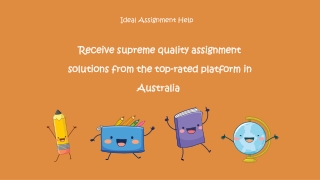 Receive supreme quality assignment solutions from the top rated platform in australia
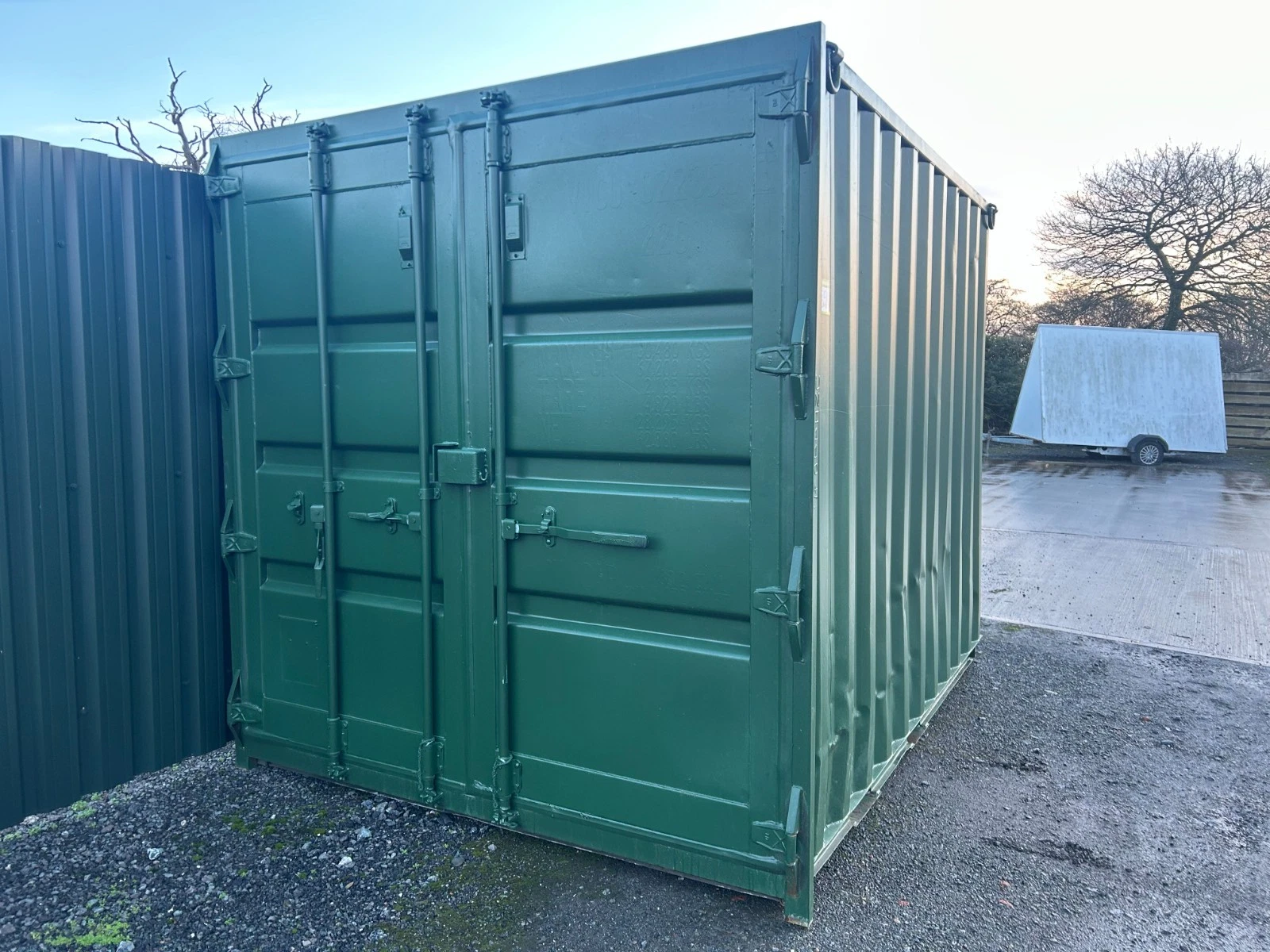 10ft x 8ft Used Cut Down Shipping Container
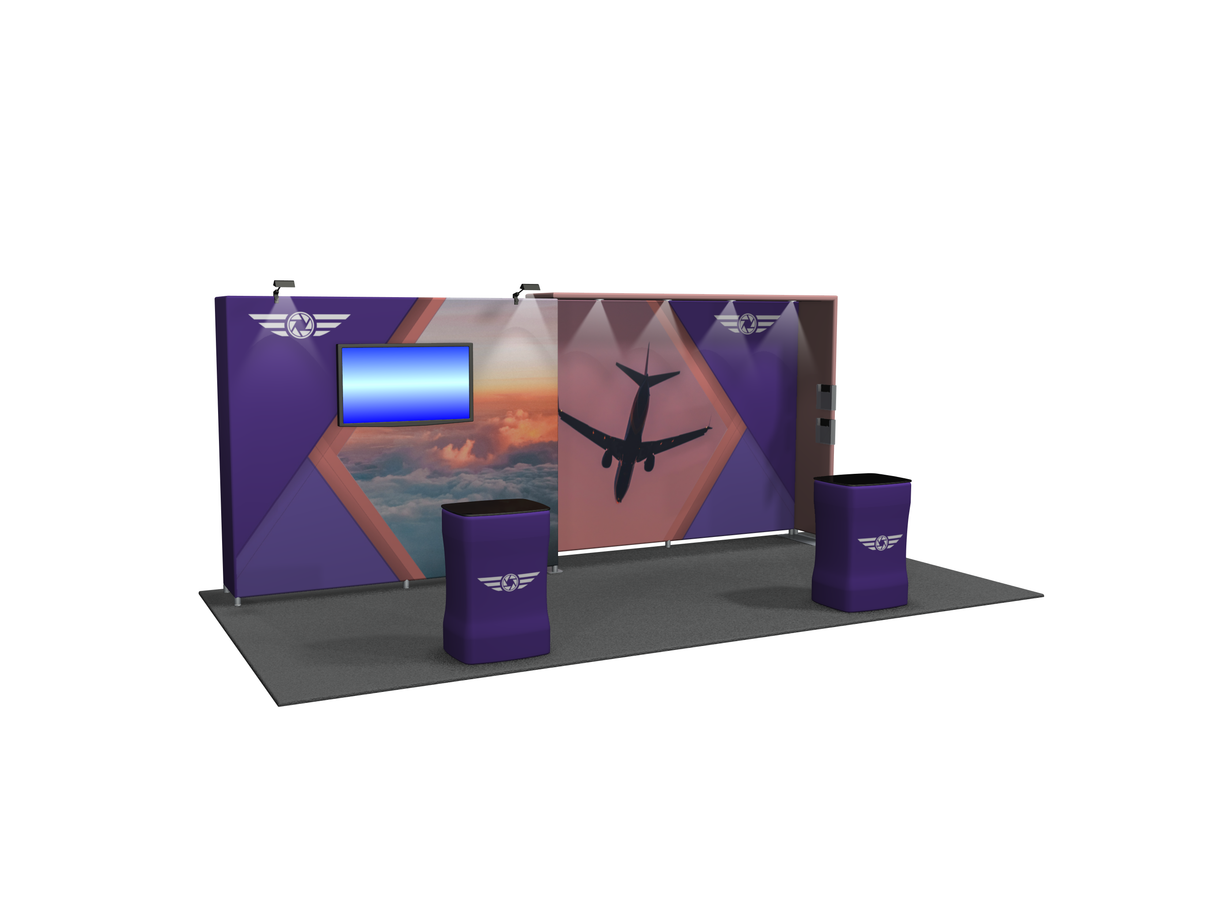 MDB2-2011 | 10'x20' portable trade show booth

==========

▶ Goal of the exercise: Could you please return each line of the material exactly, dropping the pictures?

▶ Result for this task:
 Receive supreme quality assignment solutions from the top rated platform in australia
 10ft x 8ft Used Cut Down Shipping Container
 MDB2-2011 | 10'x20' portable trade show booth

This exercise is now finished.